Los chilenos deben mirar lo que está pasando con una mezcla de estupor, perplejidad y alivio. Estupor porque jamás creyeron que sus ojos verían semejante espectáculo. Perplejidad porque a estas alturas no saben en quién confiar. Y alivio porque sus propias miserias se hacen más llevaderas cuando ven que los que parecían moralmente superiores no son inmunes a las mismas tentaciones con las que ellos deben luchar.
¿Cómo se podría bautizar lo que está sucediendo? Pienso que el término podría ser "desoligarquización". Oligarquía es una forma de gobierno en la cual el poder es ejercido por un reducido grupo de personas que pertenecen a una misma clase social. Sea por el dinero, el conocimiento, el estatus o el control del aparato político -o todos juntos: tanto mejor-, esas personas terminan creyéndose omnipotentes e intocables. Sus prácticas les parecen naturales y altamente ventajosas para la colectividad -y de paso, cómo no, para ellas mismas-. Ellas solo están sujetas al escrutinio y juicio de sus pares, no así de las instituciones. Estas ejercen su autoridad sobre la gente en general, pero la oligarquía está por encima de ellas. Pues bien, todo esto es lo que hoy se desmorona.

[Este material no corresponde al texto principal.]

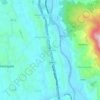 Koshinna topographic map, elevation, terrain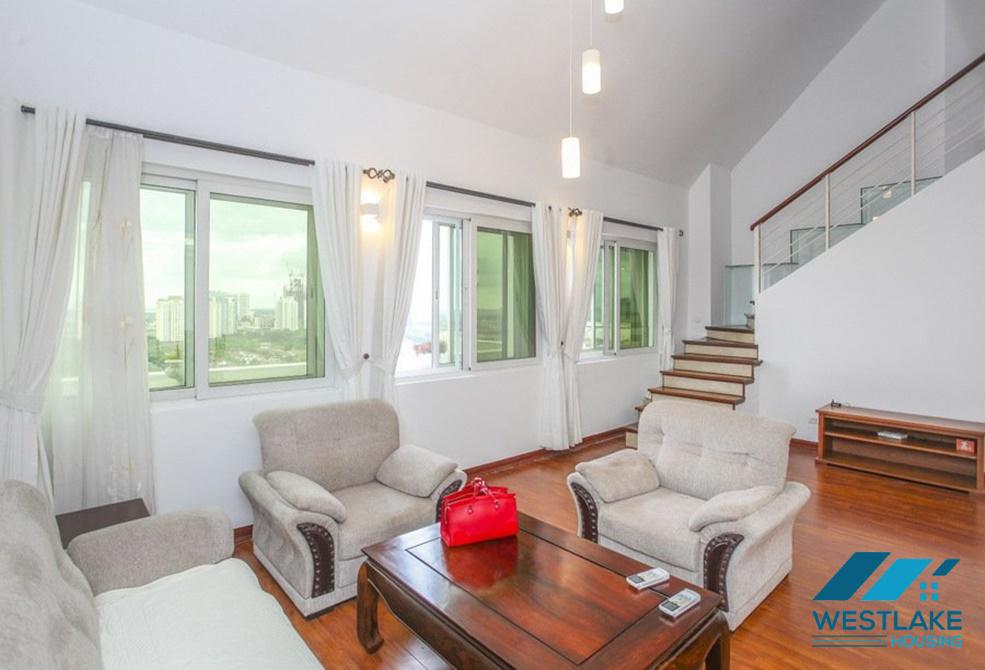 Beautiful and modern penthouse for rent in Ciputra, Tay Ho, Ha Noi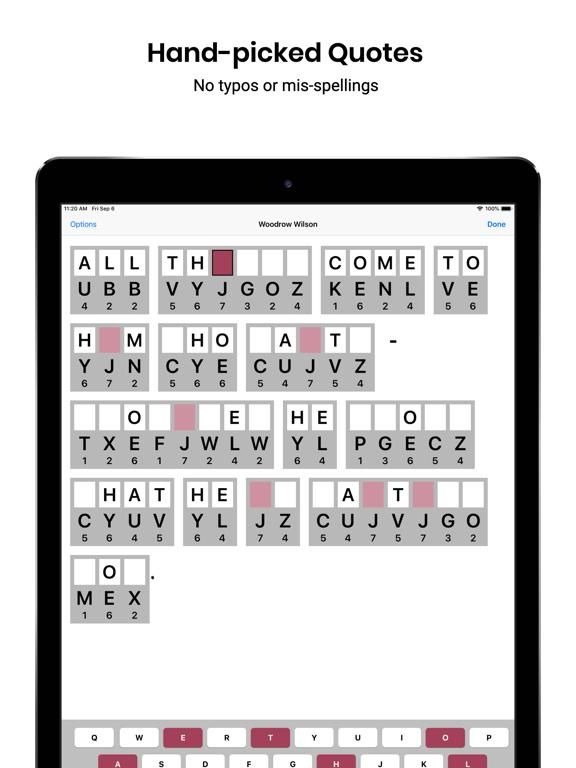 Cryptograms by Puzzle Baron game screenshot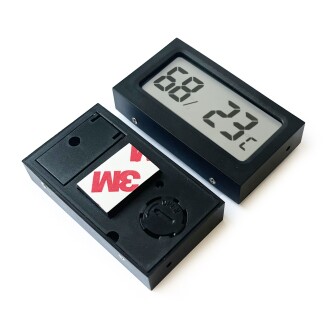 Humidor Puro Kutusu Nemlendirici Haznesi ve Dijital Nem Ölçer Termometre Seti - 7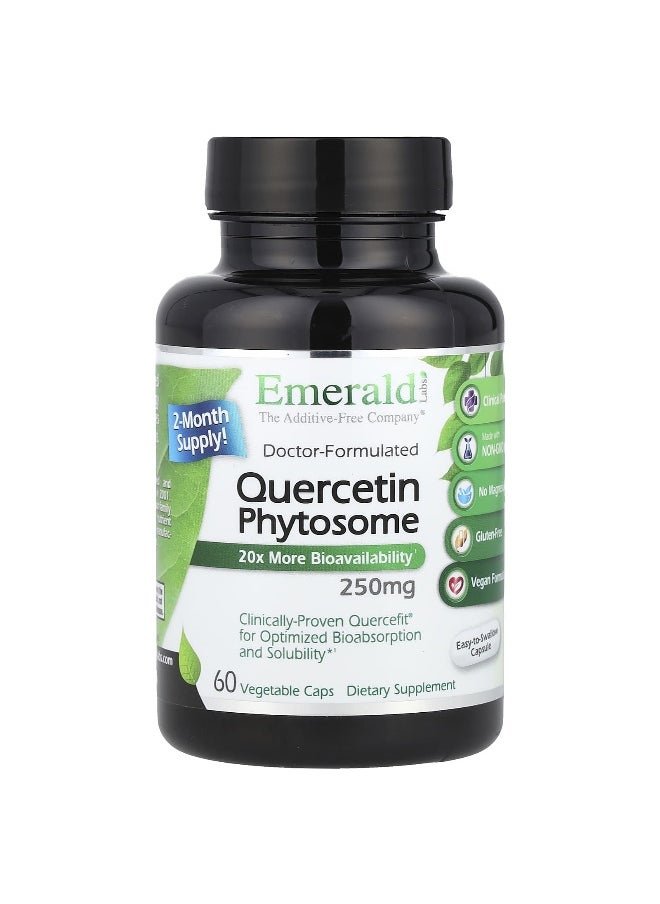Emerald Laboratories Emerald Laboratories, Quercetin Phytosome, 250 mg, 60 Vegetable Caps  - Image 1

El movimiento antioligárquico, curiosamente, no es encabezado por agentes antisistema, sino por quienes están a la cabeza de las entidades a cargo de su preservación. El semblante de estos jueces, fiscales, superintendentes y funcionarios públicos revela que no tienen ni las rentas ni los privilegios de aquellos que están siendo investigados o condenados, ni de quienes los defienden. Pero su gestualidad indica con claridad lo que sienten y quieren hacer sentir: que ante eso que llamamos La Ley, El Estado o La República, somos todos iguales.
La clase dirigente se siente acosada, y con razón. Instituciones que creyó concebidas para proteger sus derechos y guarecerla de la envidia y el fisgoneo de las muchedumbres resulta que ahora desconfían de sus conductas, sospechan de sus procedimientos e irrumpen en sus vidas privadas. Reacciona como muchas veces lo hizo en el pasado: acusando a los fiscalizadores de actitudes vejatorias, contratando ejércitos de abogados y asesores, invocando lealtad y gratitud, y advirtiendo que en este ambiente no dan ganas de invertir o destinar la vida a la política.
Sin embargo algo le dice que ese arsenal de respuestas no produce los resultados de antes. Gestos que entonces suscitaban simpatía o temor -cualquiera de las dos respuestas es válida cuando se está en una situación límite-, ahora producen irritación, o en el mejor de los casos, indiferencia. La opinión pública, en efecto, los mira como vestigios de un mundo que se hunde bajo el avance de instituciones impersonales, de la información instantánea y del culto a la transparencia.
Impotencia, rabia, desconcierto. Esto es lo que siente la clase dirigente, hostigada por leyes e instituciones que ella misma promovió, y con la sensación de ser forastera para el Chile que contribuyó a crear. Son percepciones, dirán algunos, pero esto no las hace menos dolorosas, peligrosas y atendibles.